La Cassazione (a Sezioni Unite) torna a rimettere mano (forse definitivamente) alla questione con la sentenza 18827/2018, recentemente depositata.
Nella corposa analisi effettuata dagli Ermellini si legge chiaramente il segno della svolta interpretativa. Nel rispetto del principio di solidarietà e pari dignità fra coniugi espresso dalla Costituzione, l’assegno ha una funzione assistenziale e in pari misura compensativa e perequativa.
Il parametro di riferimento nella quantificazione dell’assegno non è tuttavia né il tenore di vita precedentemente goduto né l’autosufficienza indicata dalla sentenza Grilli-Lowenstein.
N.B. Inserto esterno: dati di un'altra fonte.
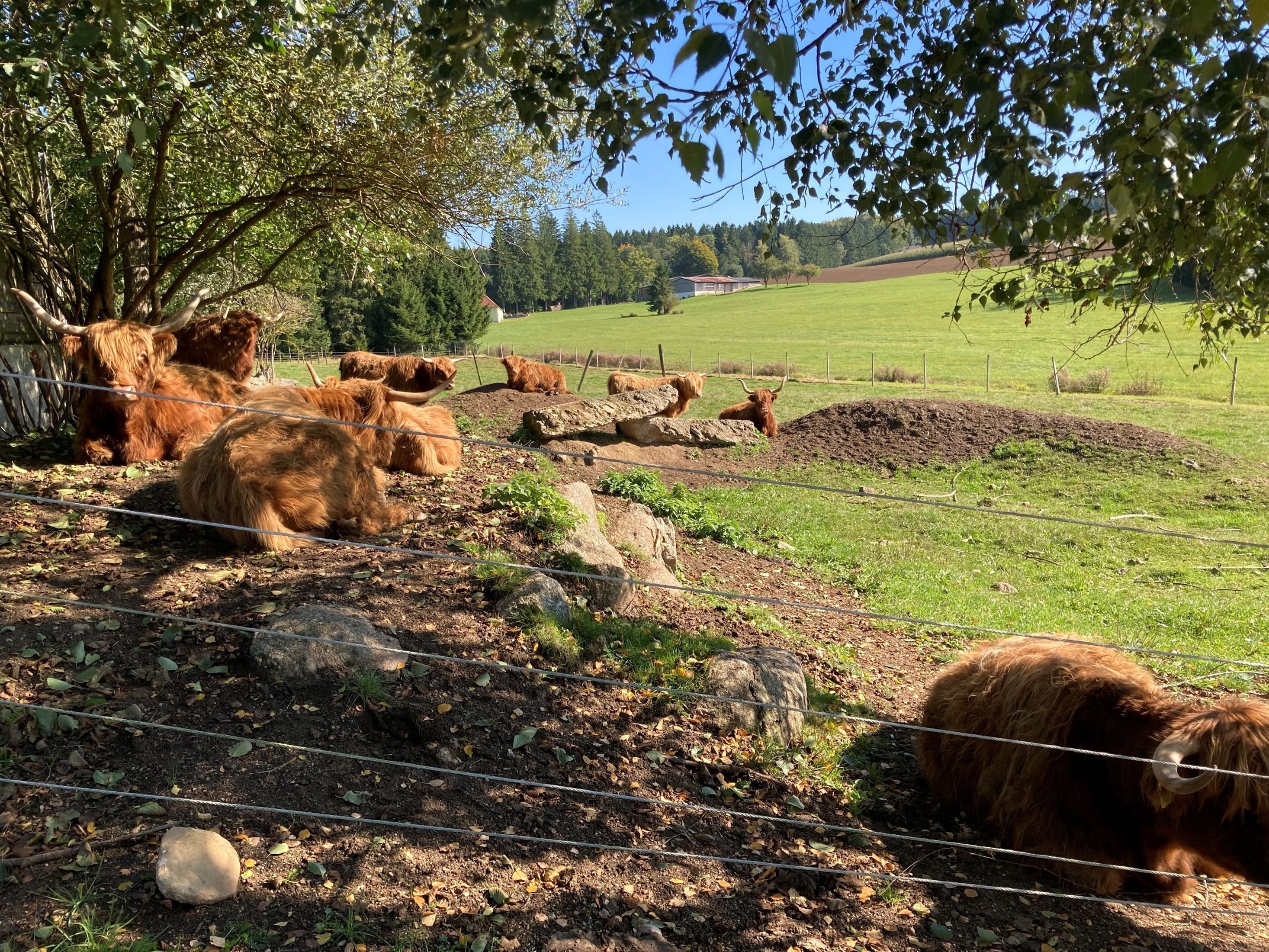 Hochlandrinder liegen auf einer Weide unter Bäumen.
Bisogna – si legge in una nota della Corte “adottare un criterio composito che, alla luce della valutazione comparativa delle rispettive condizioni economico-patrimoniali, dia particolare rilievo al contributo fornito dall’ex coniuge richiedente alla formazione del patrimonio comune e personale, in relazione alla durata del matrimonio, alle potenzialità reddituali future ed all’età dell’avente diritto. Il parametro così indicato si fonda sui principi costituzionali di pari dignità e di solidarietà che permeano l’unione matrimoniale anche dopo lo scioglimento del vincolo”.
Diventa pertanto decisiva la quantificazione del contributo fornito dall’ex coniuge alla vita familiare. Non più il semplice tenore di vita goduto. È la valorizzazione dei sacrifici –in ordine soprattutto a possibilità lavorative e di carriera, messe sovente in secondo piano per occuparsi dei figli e permettere all’altro coniuge di lavorare- e all’apporto alla conduzione della vita familiare comune. Si terrà conto anche della situazione patrimoniale, dell’età e conseguentemente delle possibilità lavorative del coniuge (economicamente) debole al termine del sodalizio.
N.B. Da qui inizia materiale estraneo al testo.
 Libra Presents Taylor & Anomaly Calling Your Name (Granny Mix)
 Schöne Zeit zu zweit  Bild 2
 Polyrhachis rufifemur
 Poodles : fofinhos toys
Sottolinea infatti la Corte che ” il contributo fornito alla conduzione della vita familiare costituisce il frutto di decisioni comuni di entrambi i coniugi, libere e responsabili, che possono incidere anche profondamente sul profilo economico patrimoniale di ciascuno di essi dopo la fine dell’unione matrimoniale.”
Le ripercussioni sull’attività investigativa privata
A fronte di tutto ciò, quali sono le ripercussioni sull’attività di investigazioni private? In regime di tenore di vita, il suo ruolo appariva talvolta cruciale. Attraverso indagini private si potevano scoprire attività e redditi occulti del coniuge. In questo modo si può ridimensionare la valutazione giudiziale del suo tenore di vita. E adesso?
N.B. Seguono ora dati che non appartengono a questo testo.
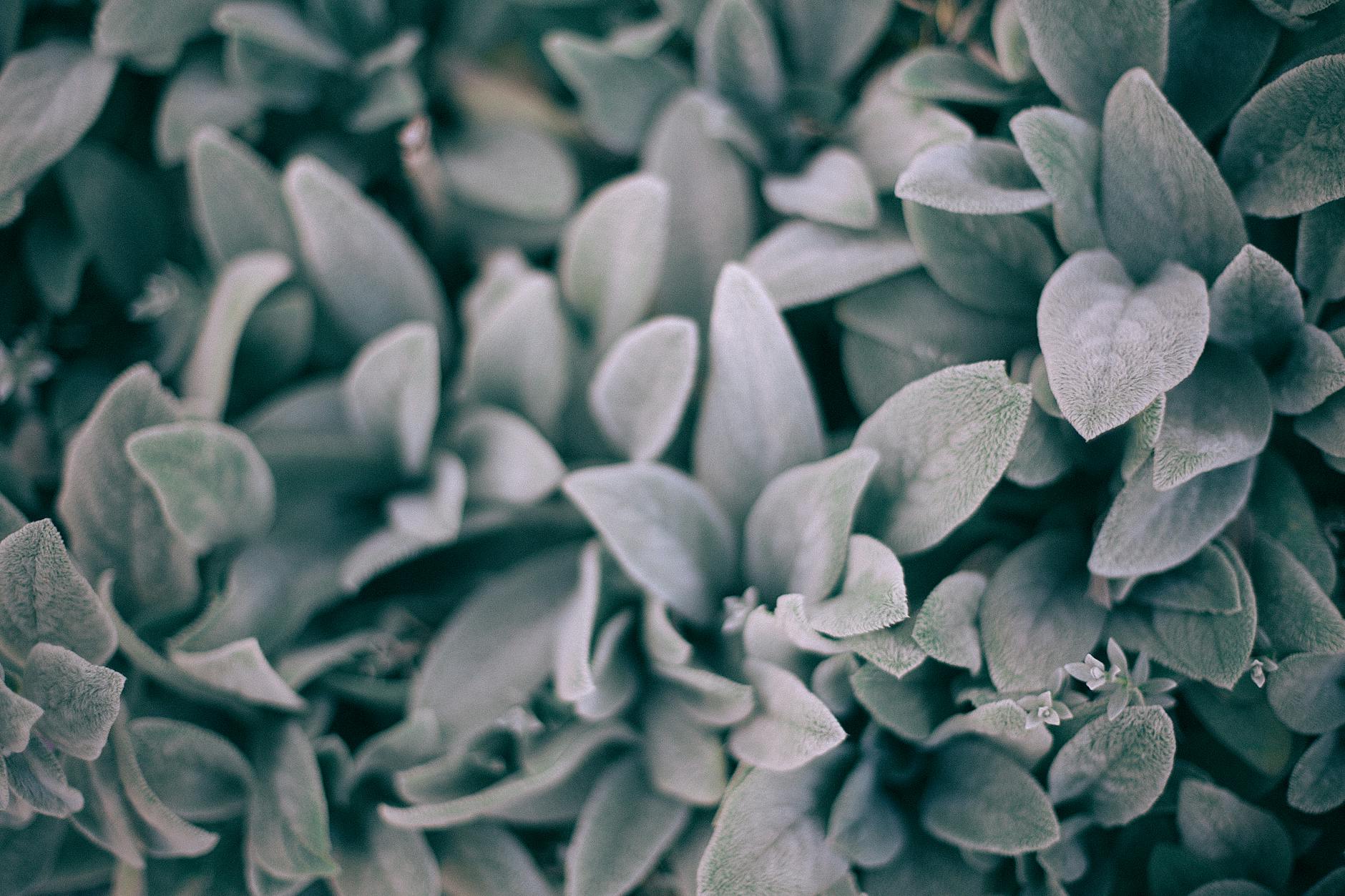 What Exactly Is Mild Cognitive Impairment and How Does It Differ From Normal Aging?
L’attività dell’investigatore privato può ancora tornare utile nel nuovo panorama delineato dalla sentenza 18287. L’indagine privata risulterà utilissima per evitare pretestuose argomentazioni di chi richiede l’assegno. Ad esempio, le investigazioni private permetteranno di smascherare una eventuale occupazione a nero di chi affermi di aver rinunciato a determinate possibilità lavorative oppure la scoperta di redditi o patrimoni occulti.